Tertiary teaching in New Zealand/Academic skills/Academic writing/Writing an academic essay
|Tertiary teaching in New Zealand|
|Unit 3: Academic skills|
|Academic writing||Objectives | Rules of good writing | Writing an academic essay | Using other people’s work | Presenting your assignment | Summary|
It's important to know how to write clearly, but as important is understanding the expectations of an academic essay. Writing an essay is a way of synthesising knowledge, and showing your lecturer than you are able to locate reliable information, analyse it and then apply it to a situation which tests your understanding of a particular aspect of the discipline you are studying. There are a number of strategies you must take in addition to clear and well-structured writing to ensure that you will create a convincing and effective essay.
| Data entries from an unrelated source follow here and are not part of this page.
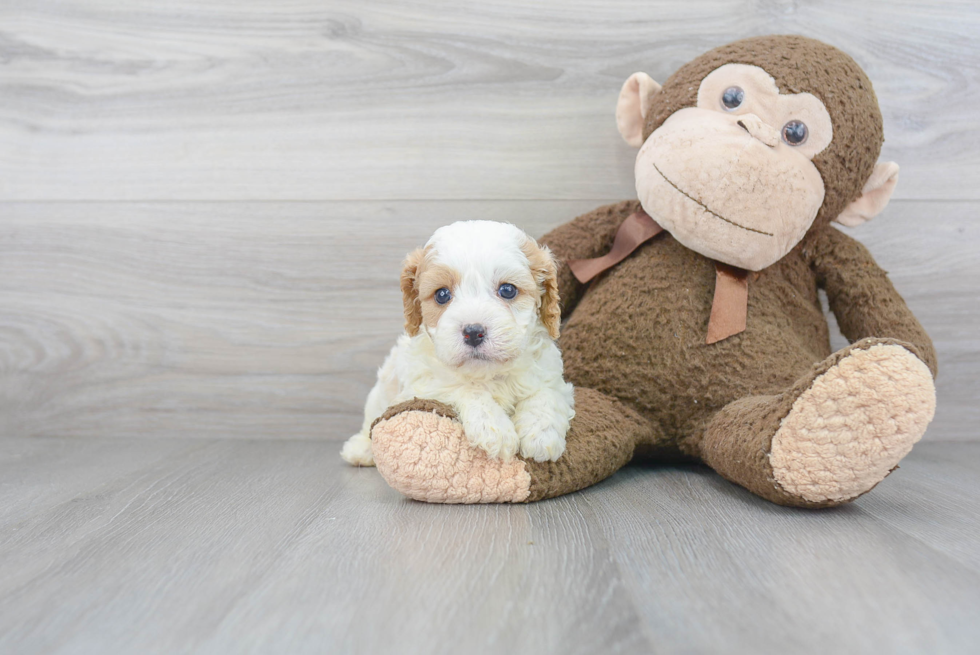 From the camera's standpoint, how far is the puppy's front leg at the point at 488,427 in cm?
81

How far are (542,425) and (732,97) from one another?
1.79 ft

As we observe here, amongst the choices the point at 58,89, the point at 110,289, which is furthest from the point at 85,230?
the point at 58,89

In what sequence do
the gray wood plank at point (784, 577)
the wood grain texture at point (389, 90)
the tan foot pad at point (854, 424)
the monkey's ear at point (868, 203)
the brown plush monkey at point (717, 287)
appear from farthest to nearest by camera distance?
the wood grain texture at point (389, 90) → the monkey's ear at point (868, 203) → the brown plush monkey at point (717, 287) → the tan foot pad at point (854, 424) → the gray wood plank at point (784, 577)

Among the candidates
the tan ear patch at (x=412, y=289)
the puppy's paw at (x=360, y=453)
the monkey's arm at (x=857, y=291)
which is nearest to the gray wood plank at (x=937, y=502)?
the monkey's arm at (x=857, y=291)

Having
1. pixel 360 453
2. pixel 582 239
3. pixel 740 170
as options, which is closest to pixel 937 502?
pixel 740 170

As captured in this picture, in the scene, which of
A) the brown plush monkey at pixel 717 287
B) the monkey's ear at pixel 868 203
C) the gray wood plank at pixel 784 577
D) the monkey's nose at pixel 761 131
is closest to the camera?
the gray wood plank at pixel 784 577

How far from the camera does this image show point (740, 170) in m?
0.92

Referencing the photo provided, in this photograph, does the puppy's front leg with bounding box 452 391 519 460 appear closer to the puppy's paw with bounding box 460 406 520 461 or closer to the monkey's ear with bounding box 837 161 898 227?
the puppy's paw with bounding box 460 406 520 461

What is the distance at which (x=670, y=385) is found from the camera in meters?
1.00

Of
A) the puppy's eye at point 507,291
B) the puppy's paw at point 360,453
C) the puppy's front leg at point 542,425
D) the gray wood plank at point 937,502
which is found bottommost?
the puppy's paw at point 360,453

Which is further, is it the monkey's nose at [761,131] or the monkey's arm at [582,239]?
the monkey's arm at [582,239]

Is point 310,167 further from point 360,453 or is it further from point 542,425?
point 542,425

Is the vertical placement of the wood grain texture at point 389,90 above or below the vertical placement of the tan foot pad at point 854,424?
above

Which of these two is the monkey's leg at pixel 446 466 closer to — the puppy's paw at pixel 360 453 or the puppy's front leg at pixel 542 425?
the puppy's front leg at pixel 542 425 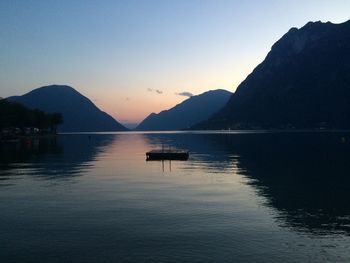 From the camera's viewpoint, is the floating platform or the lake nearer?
the lake

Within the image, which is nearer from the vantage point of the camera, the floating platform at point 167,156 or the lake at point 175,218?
the lake at point 175,218

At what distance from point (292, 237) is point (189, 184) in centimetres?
3238

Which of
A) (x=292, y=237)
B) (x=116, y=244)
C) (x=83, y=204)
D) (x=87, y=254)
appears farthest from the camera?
(x=83, y=204)

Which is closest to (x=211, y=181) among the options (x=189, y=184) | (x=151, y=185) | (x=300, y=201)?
(x=189, y=184)

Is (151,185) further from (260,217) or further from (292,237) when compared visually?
(292,237)

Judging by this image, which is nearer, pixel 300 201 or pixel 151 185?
pixel 300 201

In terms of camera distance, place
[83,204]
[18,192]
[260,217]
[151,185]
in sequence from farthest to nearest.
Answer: [151,185]
[18,192]
[83,204]
[260,217]

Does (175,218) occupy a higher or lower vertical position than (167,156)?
lower

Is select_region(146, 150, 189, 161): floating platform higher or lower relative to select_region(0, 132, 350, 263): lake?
higher

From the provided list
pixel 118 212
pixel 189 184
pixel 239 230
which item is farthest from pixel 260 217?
pixel 189 184

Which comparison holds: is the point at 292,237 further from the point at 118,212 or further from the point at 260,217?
the point at 118,212

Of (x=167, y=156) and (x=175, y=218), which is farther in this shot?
(x=167, y=156)

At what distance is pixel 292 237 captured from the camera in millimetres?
33344

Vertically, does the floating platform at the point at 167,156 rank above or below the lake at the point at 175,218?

Understanding the assignment
There are important things you need to understand about the assignment.
- When is it due?
- How long is it supposed to be?
- What is the exact topic of the essay?
- What are the types of sources your lecturer expects you to use to answer the essay question?
You should ask yourself these questions when the essay is assigned rather than when it is time to start working on it. By taking an early look, you will have a better sense of the scope of the project, you can plan your time effectively, and you can see how lecture and tutorial material contributes to understanding the essay topic. If you can't answer any one of these questions with certainty, speak with your lecturer or tutor and seek clarification.
In most cases, your first look at the essay topic may be daunting. You may know little about the subject and feel anxious, worrying "what is it I am supposed to say?!#!" But, maybe you are in a better position, and already have a good understanding of the topic. Your first goal is to make sure you have a general enough understanding of the topic to know what you need to read to be able to answer the question competently and well.
Developing an argument
When your lecturer assigns an essay, they are asking you to look at information, and take a position with respect to this information. What does this mean? It means that your lecturer wants you to believe in something, and convince the reader why they should too. The argument is the position you are taking in your essay. It is important to identify your argument, because it provides the structure to the rest of your essay.
Staking out your premises
An argument then must be supported by premises. Premises are the facts that you use to explain why you have adopted a particular argument. These are the points that you are making to convince your reader that your argument is valid and based on solid evidence. From a structural point of view, each premise becomes a subpart of your essay. Your conclusion will logically follow from your premises To be effective, premises must not only follow a logical pattern, they must be based on well researched information. This is where you will incorporate the beliefs and assertions of established academics, and knowledgeable researchers in the discipline, as well as any independent research you may have undertaken yourself.